Zimmerman’s extension of credit requirement, however, has come under sharp criticism. As the Seventh Circuit articulated:

Because the statute’s definition of a “debt” focuses on the transaction creating the obligation to pay, it would seem to make little difference under that definition that unit owners generally are required to pay their assessments first, before any goods are provided by the association.

Newman v. Boehm, Pearlstain & Bright, Ltd., 119 F.3d 477, 481 (7th Cir. 1997). The Newman court thus concluded that homeowners’ association assessments are indeed debt under the federal act. Id. at 481-82. Since then, nearly every court, state or federal, that has considered the issue has concluded that association dues, assessments, and rent axe properly classified as debt. See, e.g., Romea v. Heiberger & Assocs., 163 F.3d 111 (2d Cir. 1998); Ladick v. Gemert, 146 F.3d 1205 (10th Cir. 1998); Garner v. Kansas, No. 98-1274, 1999 WL 262100 (E.D. La. 1999); Caron v. Charles E. Maxwell, P.C., 48 F. Supp. 2d 932 (D. Ariz. 1999); Taylor v. Mount Oak Manor Homeowners Ass’n, 11 F. Supp. 2d 753 (D. Md. 1998); Thies v. Law Offices of William A. Wyman, 969 F. Supp. 604 (S.D. Cal. 1997); Loigman v. Kings Landing Condominium Ass’n, 734 A.2d 367 (N.J. Super. Ct. Ch. Div. 1999). But see Barstow Road Owners, Inc. v. Billing, 687 N.Y.S.2d 845 (Dist. Ct. 1998) (holding that back rent is not debt under New York state law). We agree that an extension of credit requirement under our state act would be too restrictive for the purposes the act is designed to accomplish. Accordingly, we conclude that homeowners’ association dues and assessments are debt within the meaning of the NCDCA.

The second threshold requirement under our act is that the one owing the obligation must be a “consumer.” Our legislature has defined consumer as “any natural person who has incurred a debt or *265alleged debt for personal, family, household or agricultural purposes.” N.C. Gen. Stat. § 75-50(1) (1999). Plaintiffs here clearly meet this definition, as they have incurred these assessments for family or household purposes.

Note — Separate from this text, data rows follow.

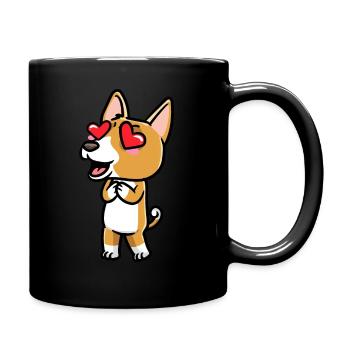 Basenji Hund Emoticon - Tasse einfarbig - Schwarz - Rechts
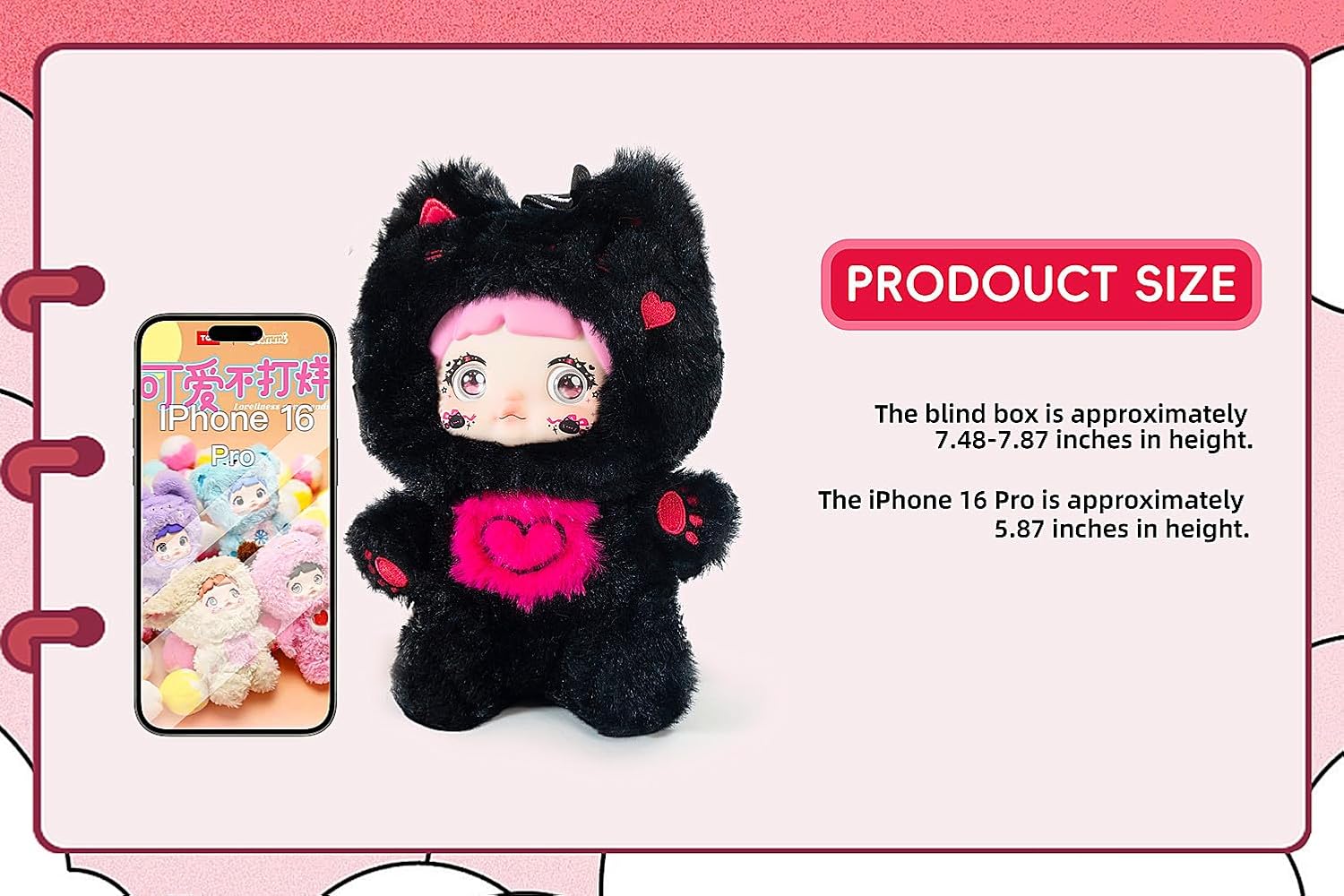 Nommi Plush Blind Box，Nommi Loveliness Never Ends Series Plush Doll Cut Toys Keychain & Bag Charm Birthday Gifts for Girl 1PC (1 of 7 Possible Styles) 8.5 in
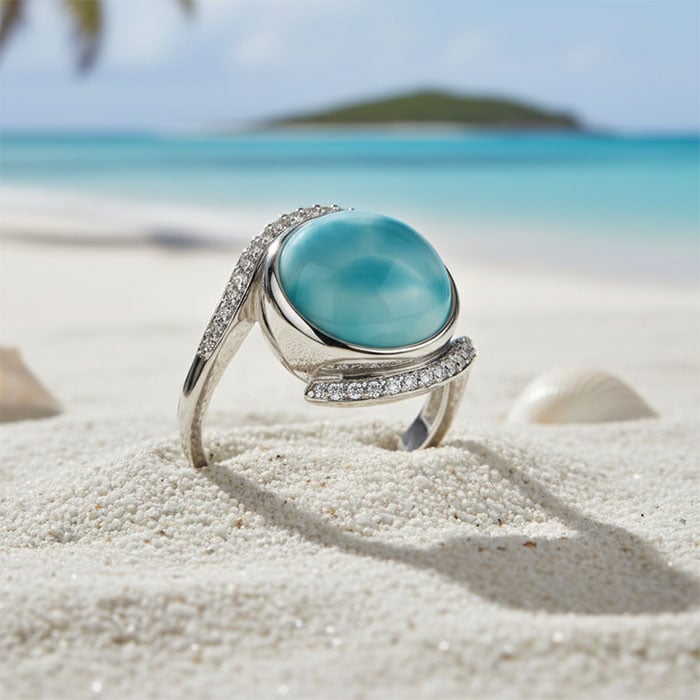 Larimar marahlago Adella Larimar Ring jewelry top front side view
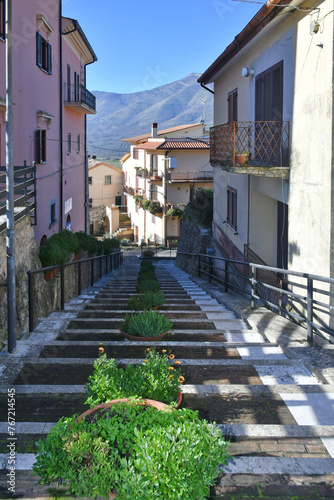 A street in Pastena  a medieval village in Lazio  Italy.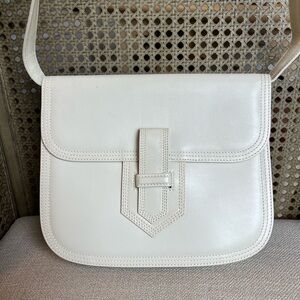 Vintage Yves Saint Laurent Cream Leather Shoulder Bag with COA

Finally, the NCDCA requires that the one trying to collect the obligation owed be a “debt collector,” which is defined as “any person engaging, directly or indirectly, in debt collection from a consumer except those persons subject to the provisions of Article 70, Chapter 58 of the General Statutes [regarding collection agencies].” N.C. Gen. Stat. § 75-50(3). We point out that, in this regard, our state act is much broader than the federal counterpart. The federal definition of “debt collector” focuses on whether the principal purpose of the business is debt collection or whether debt collection is regularly done in that business. 15 U.S.C.A. § 1692a(6) (1998). In this regard, attorneys and law firms can be debt collectors for purposes of the FDCPA only if regularly engaged in that type of practice. Heintz v. Jenkins, 514 U.S. 291, 294, 131 L. Ed. 2d 395, 399 (1995). Because there is no regularity or primary purpose limitation in our act, we conclude that law firms and attorneys (such as defendants here) who attempt to collect debts on behalf of their clients are debt collectors under the NCDCA, regardless of how infrequently they perform that type of work. We thus conclude that plaintiffs’ complaint has met all three threshold requirements.

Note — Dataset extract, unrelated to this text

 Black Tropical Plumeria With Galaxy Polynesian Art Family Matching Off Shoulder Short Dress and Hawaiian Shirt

Satisfaction of the threshold requirements of Article 2, however, does not end our inquiry. Article 2 only contains the specific requirements in the context of debt collection. After these are satisfied, a plaintiffs claim then must satisfy the more generalized requirements of all unfair or deceptive trade practice claims, which are contained in Article 1 (in particular, section 75-1.1). Although our legislature does not specifically state that Article 2 is subject to the more generalized requirements of section 75-1.1, we conclude that was their intent. The final section in Article 2 states:

The specific and general provisions of this Article shall exclusively constitute the unfair or deceptive acts or practices proscribed by G.S. 75-1.1 in the area of commerce regulated by this Article. Notwithstanding the provisions of G.S. 75-15.2 and G.S. 75-16, in private actions or actions instituted by the Attorney General, civil penalties in excess of two thousand dollars ($2,000) shall not be imposed, nor shall damages be trebled for any violation under this Article.

*266N.C. Gen. Stat. § 75-56 (1999). By specifically referencing the generalized proscription in section 75-1.1, we conclude the legislature intended that Article 2 be limited by the same requirements applicable to those proscriptions. Furthermore, had our legislature not intended for Article 2 to be governed by the generalized provisions of Article 1, it would not have needed to refer to Article l’s allowance for treble damages when limiting the remedy for Article 2 violations to $2000. Thus, we conclude that once the three threshold requirements in section 75-50 are satisfied, a claim for unfair debt collection practices must then meet the three generalized requirements found in section 75-1.1: (1) an unfair act (2) in or affecting commerce (3) proximately causing injury. See First Atl. Mgmt. Corp. v. Dunlea Realty Co., 131 N.C. App. 242, 252, 507 S.E.2d 56, 63 (1998).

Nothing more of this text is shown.